*** Exercise data Section Begins ***
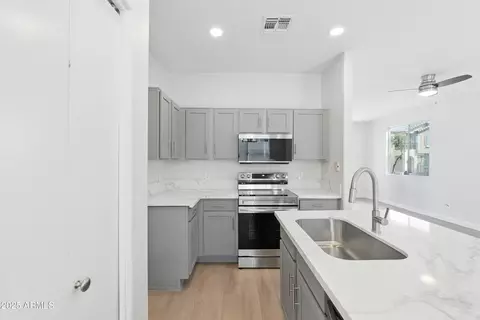 Kitchen - 1409 E Bloch Rd, Phoenix, AZ 85040 photo 3 of 5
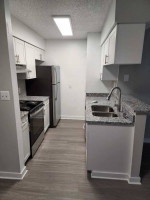 Make yourself at home in our quiet 650 sq ft 1 bed / 1 bath!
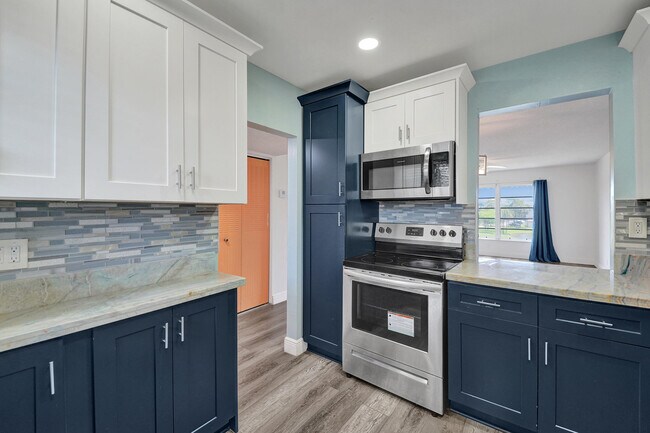 Building Photo - 2430 SW 81st Ave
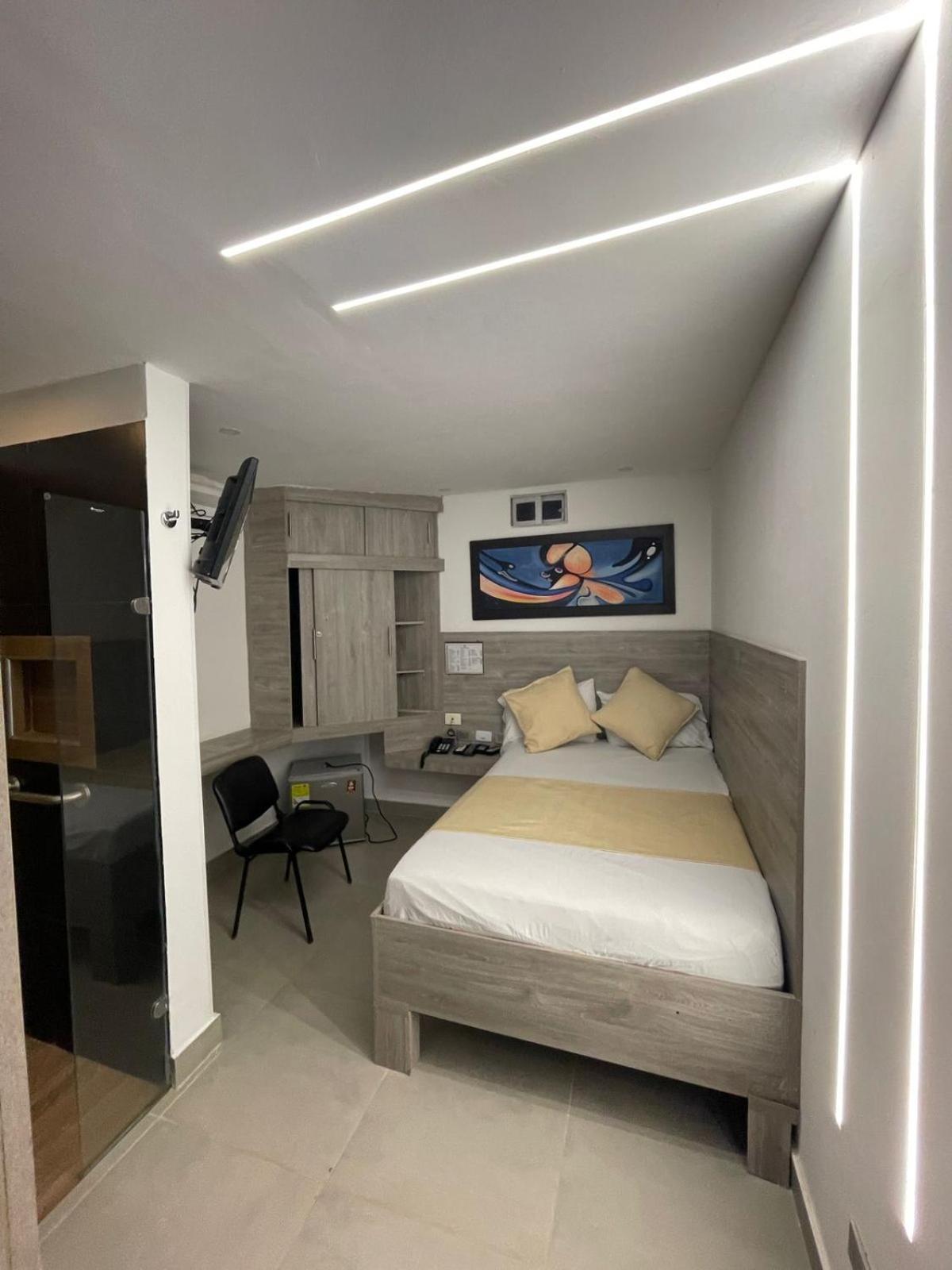 Hotel Plaza Norte カリ エクステリア 写真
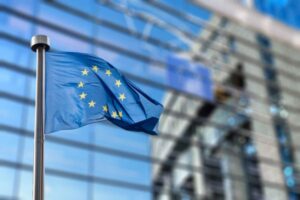 Read more about the article Zaufanie do UE deklaruje 58 proc. Polaków.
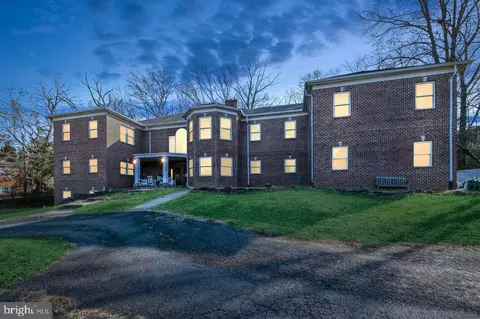 3433 Annandale Rd, Falls Church, VA 22042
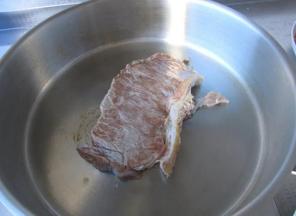 4.平底锅烧热后放入牛排，一面煎2分钟左右翻面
*** Exercise data Section Ends ***
Problem details » Take the lines from the one containing "Building Photo - 2430 SW 81st Ave" through the last line of the listing and repeat them exactly. Omit the pictures.

Answer to this task »
 Building Photo - 2430 SW 81st Ave
 Hotel Plaza Norte カリ エクステリア 写真
 Read more about the article Zaufanie do UE deklaruje 58 proc. Polaków.
 3433 Annandale Rd, Falls Church, VA 22042
 4.平底锅烧热后放入牛排，一面煎2分钟左右翻面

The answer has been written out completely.